On Sunday, we noted that Professor Larry Tribe, the Democratic Party's top scholar, had been charged with plagiarism by Joseph Bottum of the Weekly Standard, in connection with Tribe's 1985 book God Save This Honorable Court, which provided the intellectual justification for the Borking of Judge Robert Bork.
Professor Tribe lost no time in acknowledging the accuracy of Bottum's charge, as reported by the Harvard Crimson:
Tribe could not be reached directly for comment yesterday, but issued a statement to The Crimson via e-mail.He said he recognized his “failure to attribute some of the material The Weekly Standard identified.”
“I personally take full responsibility for that failure,” Tribe said.
The reaction among Tribe's Harvard colleagues was disquieting, however. Alan Dershowitz suggested that different standards of plagiarism may apply to lawyers:
But Dershowitz said guidelines in the legal profession are murkier.He said that judges frequently rely on lawyers’ briefs and clerks’ memoranda in drafting opinions. This results in a “cultural difference” between sourcing in the legal profession and other academic disciplines, Dershowitz said.
This is eerily reminiscent of the reaction of some liberals when it was revealed that Martin Luther King had plagiarized his doctoral dissertation; they argued that plagiarism is a cultural tradition among black people. (Why is it that more blacks don't realize that liberals are constantly insulting them?)

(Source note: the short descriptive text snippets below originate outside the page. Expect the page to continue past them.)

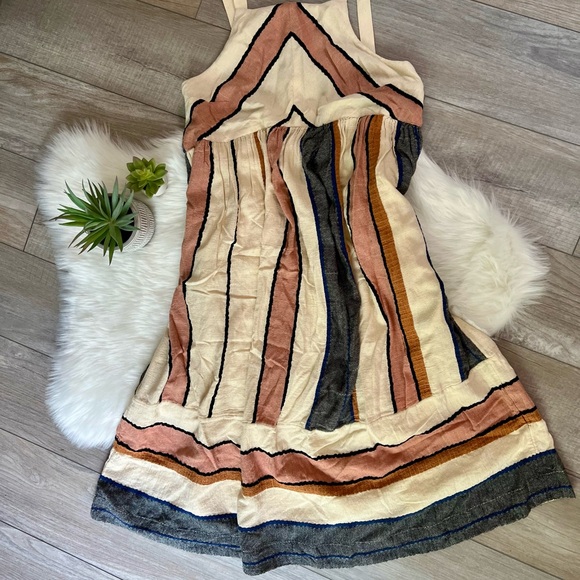 FREE PEOPLE | Striped Bloom Summer Strap Midi Sundress (L) - Picture 2 of 11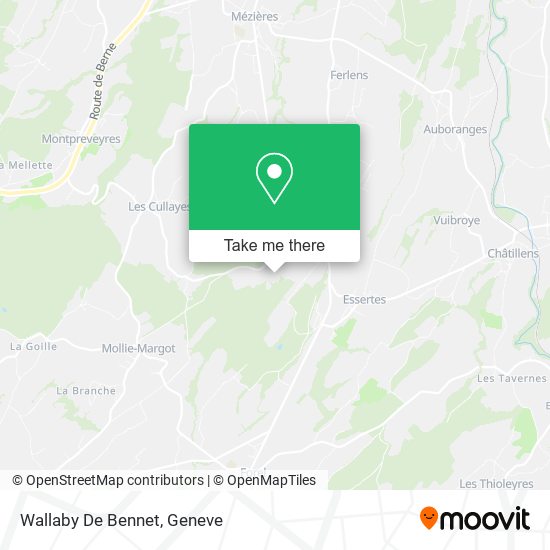 Wallaby De Bennet map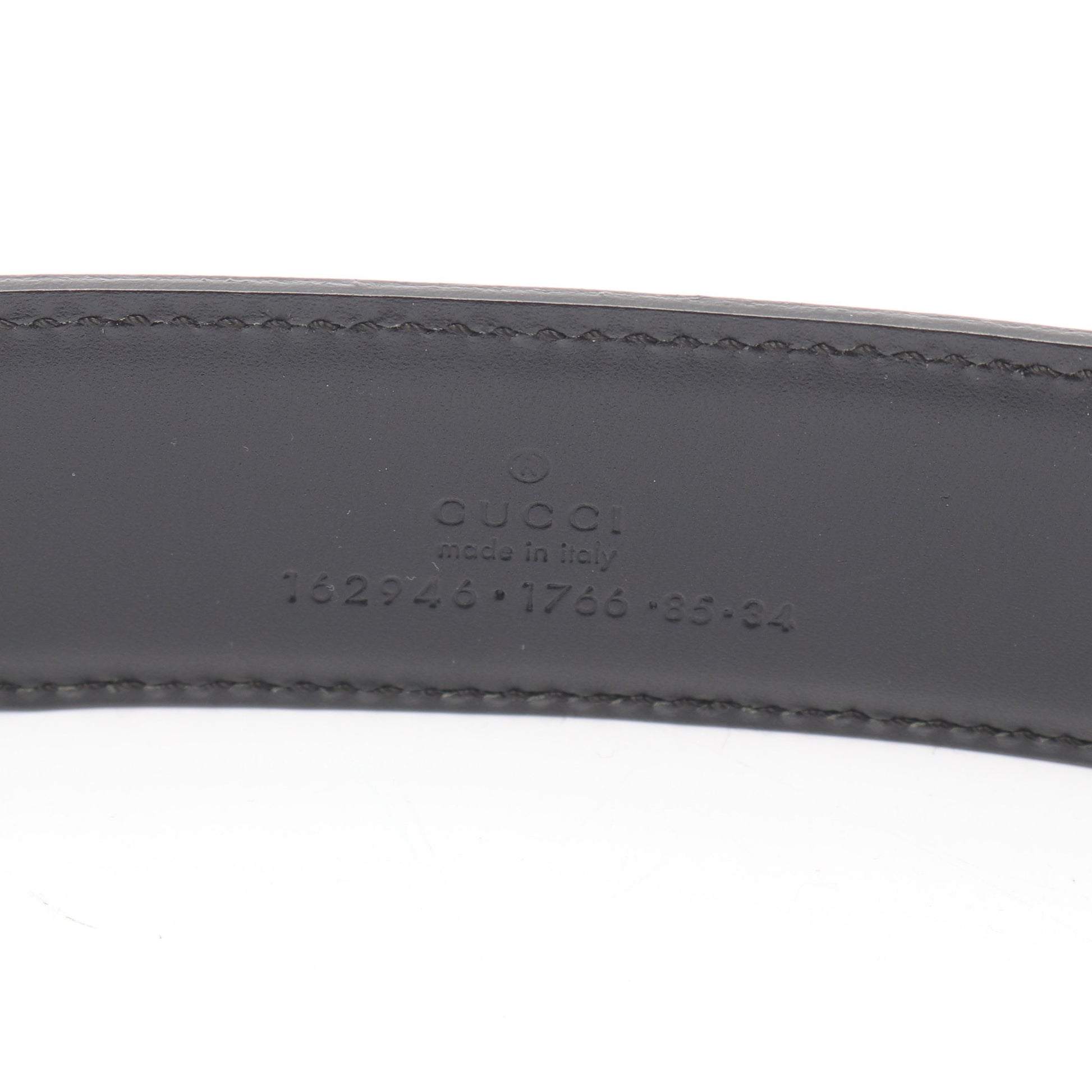 グッチシマ ベルト レザー ブラック グッチ 財布・小物 GUCCI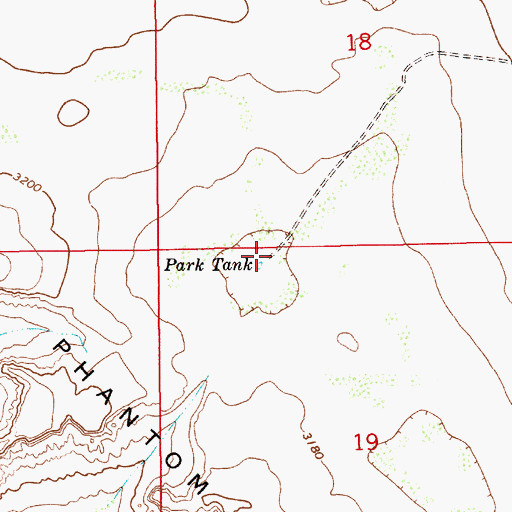 Topographic Map of Park Tank, NM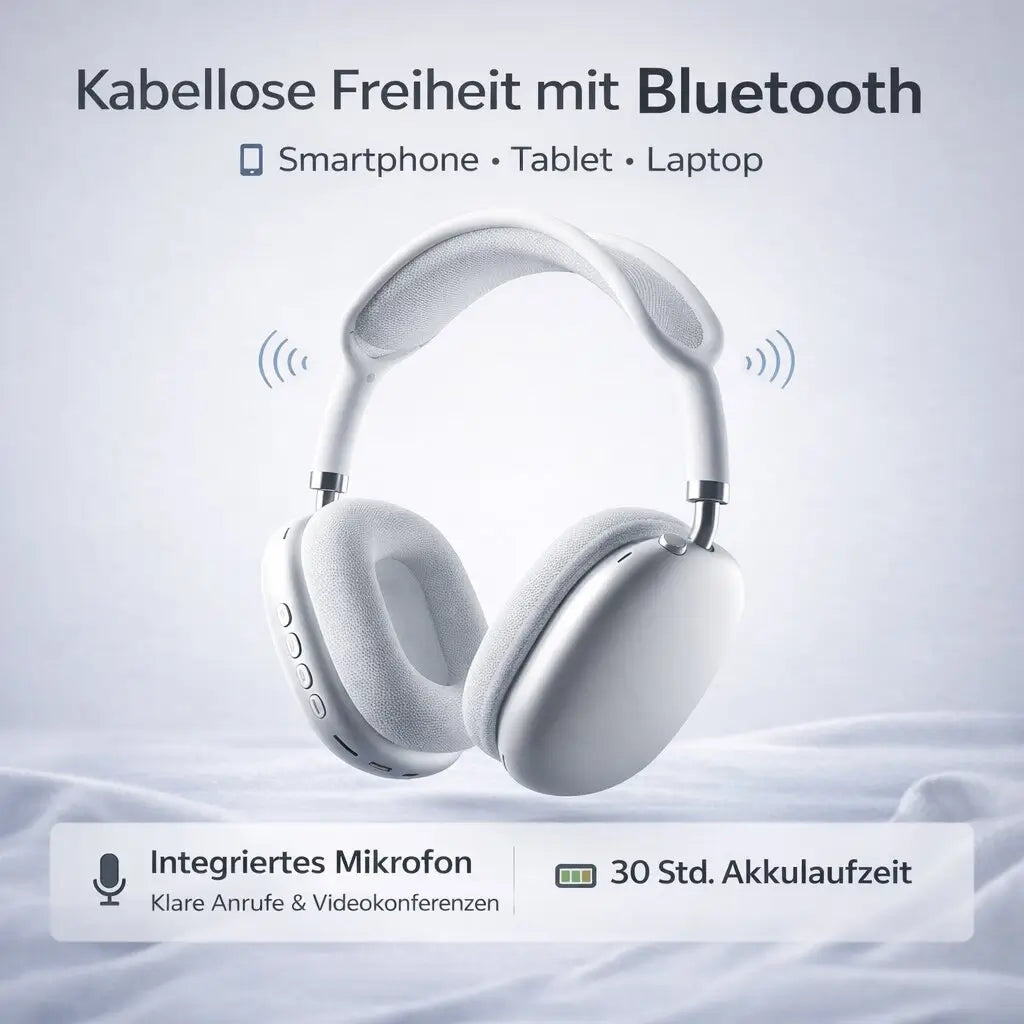 Over-Ear Bluetooth Kopfhörer mit Active Noise Cancelling (ANC) und modernem Design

Beyond that, the principal reaction at Harvard seems to have been to attack Bottum for pointing out Tribe's plagiarism:
Dershowitz said yesterday that The Standard’s charges against Tribe were politically motivated."Show me the man, and I’ll find you the crime," Dershowitz said—a quotation he attributed to Soviet spymaster Lavrenti Beria. "Clearly someone was looking to pin something on the most prominent liberal constitutional scholar in the country."
Professor Charles J. Ogletree, who himself recently acknowledged committing plagiarism, also denounced the Weekly Standard, characterizing the magazine's charge against Tribe as "nonsense."
And Tribe's former colleague (and fellow Democrat) Kathleen Sullivan, now Dean of Stanford's law school, said:
Tribe’s towering contributions to the field of constitutional law over four decades should not be overshadowed by this episode.
Well, perhaps not. However, given that this is the fourth plagiarism scandal to strike Harvard in recent months, one might have expected a bit more concern and a bit less eagerness to denounce Joseph Bottum. Harvard, like the New York Times, the Associated Press, and CBS News, has a problem that it does not choose to acknowledge, let alone try to correct.